● Instructions to follow
From the entries below, copy each line in which the word "Home" occurs.

● Data provided
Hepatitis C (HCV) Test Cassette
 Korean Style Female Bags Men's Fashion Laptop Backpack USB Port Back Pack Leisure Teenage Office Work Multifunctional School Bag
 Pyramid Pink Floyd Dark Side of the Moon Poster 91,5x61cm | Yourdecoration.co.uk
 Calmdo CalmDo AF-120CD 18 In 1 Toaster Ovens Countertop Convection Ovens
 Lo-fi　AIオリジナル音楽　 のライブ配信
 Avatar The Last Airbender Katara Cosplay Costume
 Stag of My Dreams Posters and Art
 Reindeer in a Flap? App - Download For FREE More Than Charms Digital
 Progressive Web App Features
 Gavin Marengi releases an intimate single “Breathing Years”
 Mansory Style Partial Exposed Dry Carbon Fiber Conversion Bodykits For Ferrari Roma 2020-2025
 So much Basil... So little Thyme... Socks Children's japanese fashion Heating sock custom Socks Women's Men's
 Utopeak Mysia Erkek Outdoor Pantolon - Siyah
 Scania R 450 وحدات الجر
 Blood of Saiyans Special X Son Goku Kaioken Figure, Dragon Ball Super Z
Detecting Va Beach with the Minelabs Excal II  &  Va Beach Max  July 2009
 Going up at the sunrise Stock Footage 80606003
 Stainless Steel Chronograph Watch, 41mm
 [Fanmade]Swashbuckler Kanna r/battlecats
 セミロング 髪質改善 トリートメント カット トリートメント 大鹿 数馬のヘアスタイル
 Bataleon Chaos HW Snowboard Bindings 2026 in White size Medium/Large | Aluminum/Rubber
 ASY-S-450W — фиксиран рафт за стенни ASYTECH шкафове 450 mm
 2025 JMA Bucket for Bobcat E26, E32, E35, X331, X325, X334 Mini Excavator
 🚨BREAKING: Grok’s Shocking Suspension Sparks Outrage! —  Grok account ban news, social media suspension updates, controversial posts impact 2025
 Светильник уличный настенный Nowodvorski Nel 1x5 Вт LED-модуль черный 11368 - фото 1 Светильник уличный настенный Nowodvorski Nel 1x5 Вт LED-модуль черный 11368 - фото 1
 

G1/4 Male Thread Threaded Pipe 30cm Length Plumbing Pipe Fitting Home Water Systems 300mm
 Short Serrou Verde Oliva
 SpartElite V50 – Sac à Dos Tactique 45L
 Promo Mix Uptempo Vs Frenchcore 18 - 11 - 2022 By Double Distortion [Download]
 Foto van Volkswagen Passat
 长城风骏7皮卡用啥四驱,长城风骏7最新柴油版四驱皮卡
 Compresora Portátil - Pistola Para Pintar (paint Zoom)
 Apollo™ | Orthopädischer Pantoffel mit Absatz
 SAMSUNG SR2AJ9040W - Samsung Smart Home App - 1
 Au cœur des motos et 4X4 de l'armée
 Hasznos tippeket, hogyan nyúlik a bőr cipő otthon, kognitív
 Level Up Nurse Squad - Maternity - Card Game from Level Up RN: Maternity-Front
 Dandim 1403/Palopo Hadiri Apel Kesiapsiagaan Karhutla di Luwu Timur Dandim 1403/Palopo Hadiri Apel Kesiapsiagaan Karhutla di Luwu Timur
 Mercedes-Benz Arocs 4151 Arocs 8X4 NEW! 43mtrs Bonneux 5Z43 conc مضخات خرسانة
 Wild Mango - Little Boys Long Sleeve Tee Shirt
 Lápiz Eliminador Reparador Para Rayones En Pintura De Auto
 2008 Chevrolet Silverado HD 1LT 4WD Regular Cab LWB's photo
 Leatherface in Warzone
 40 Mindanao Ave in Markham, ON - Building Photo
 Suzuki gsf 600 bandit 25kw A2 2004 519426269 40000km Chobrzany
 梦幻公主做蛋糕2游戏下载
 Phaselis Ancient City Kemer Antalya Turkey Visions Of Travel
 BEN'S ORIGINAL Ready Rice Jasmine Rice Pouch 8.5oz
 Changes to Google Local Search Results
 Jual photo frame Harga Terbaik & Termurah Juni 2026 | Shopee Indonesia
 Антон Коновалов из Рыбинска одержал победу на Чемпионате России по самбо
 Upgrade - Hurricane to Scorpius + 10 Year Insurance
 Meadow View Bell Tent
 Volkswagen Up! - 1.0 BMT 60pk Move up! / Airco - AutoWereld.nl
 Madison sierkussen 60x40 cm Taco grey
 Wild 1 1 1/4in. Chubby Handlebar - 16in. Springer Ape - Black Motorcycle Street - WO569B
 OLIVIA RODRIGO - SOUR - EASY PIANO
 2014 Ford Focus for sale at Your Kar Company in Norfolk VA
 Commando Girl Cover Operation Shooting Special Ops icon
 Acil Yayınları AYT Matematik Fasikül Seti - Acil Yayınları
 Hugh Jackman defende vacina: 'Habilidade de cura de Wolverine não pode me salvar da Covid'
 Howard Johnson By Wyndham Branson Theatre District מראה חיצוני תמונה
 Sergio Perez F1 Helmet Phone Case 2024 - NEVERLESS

● Solution to this task
G1/4 Male Thread Threaded Pipe 30cm Length Plumbing Pipe Fitting Home Water Systems 300mm
 SAMSUNG SR2AJ9040W - Samsung Smart Home App - 1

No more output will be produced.